## DATA FOR REVIEW
━━━━━━━━━━━━━━━━━━━━

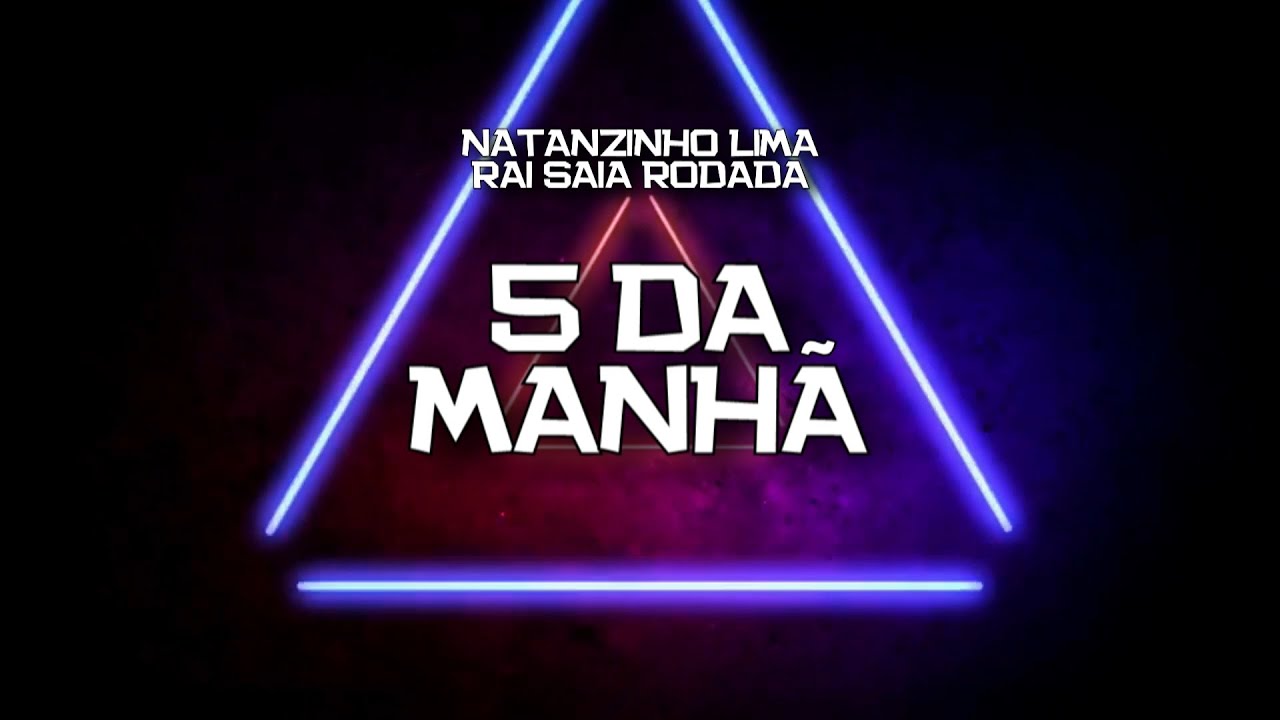 PLAYBACK -  5 DA MANHÃ - NATANZINHO LIMA E RAI SAIA RODADA (KARAOKÊ)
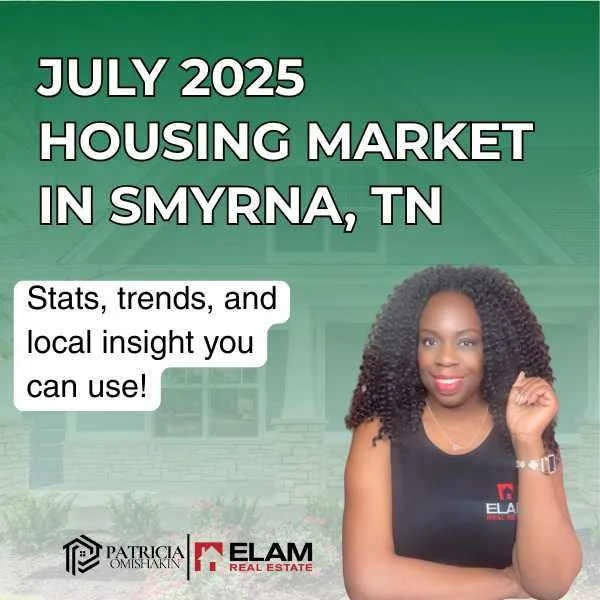 uly 2025 Housing Market in Smyrna TN – Real Estate Market Update Graphic with Patricia Omishakin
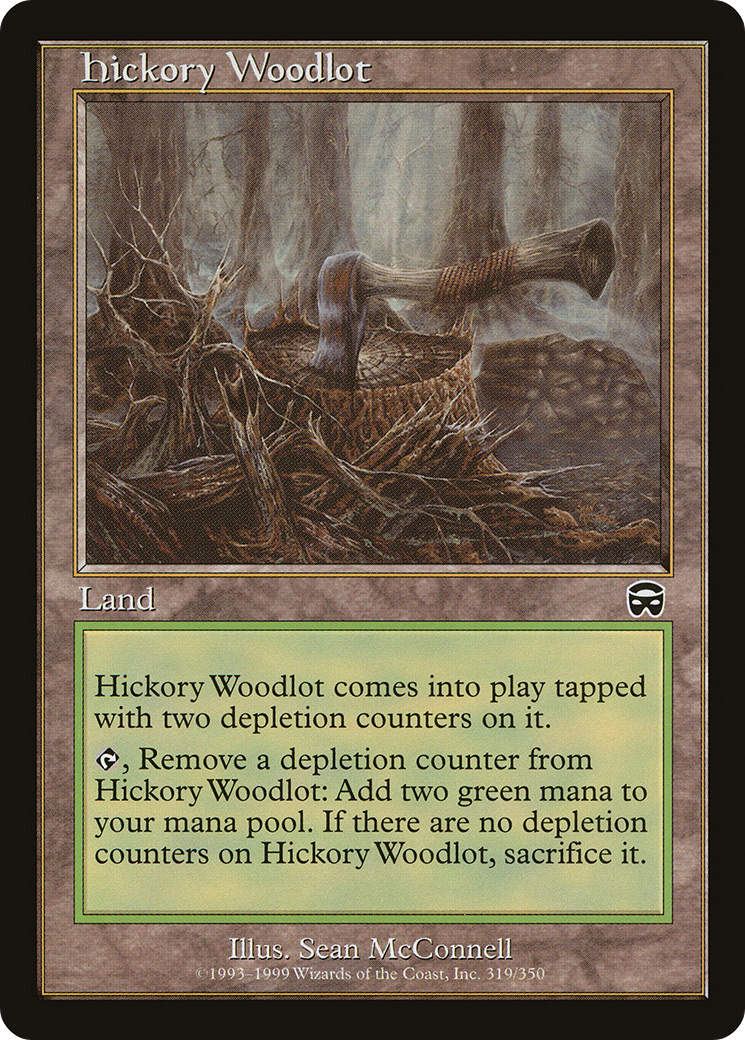MAGIC: THE GATHERING - Hickory Woodlot (MMQ-319) - Mercadian Masques Foil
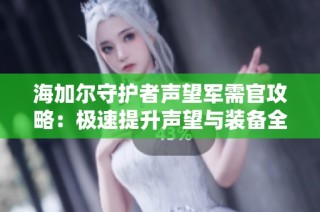 海加尔守护者声望军需官攻略：极速提升声望与装备全攻略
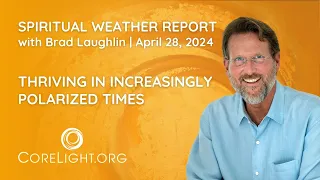 Spiritual Weather Report April 28, 2024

━━━━━━━━━━━━━━━━━━━━

## THE PROBLEM
Please set down the whole listing above exactly and skip every picture.

## RESPONSE TO THIS TASK
 PLAYBACK -  5 DA MANHÃ - NATANZINHO LIMA E RAI SAIA RODADA (KARAOKÊ)
 uly 2025 Housing Market in Smyrna TN – Real Estate Market Update Graphic with Patricia Omishakin
MAGIC: THE GATHERING - Hickory Woodlot (MMQ-319) - Mercadian Masques Foil
 海加尔守护者声望军需官攻略：极速提升声望与装备全攻略
 Spiritual Weather Report April 28, 2024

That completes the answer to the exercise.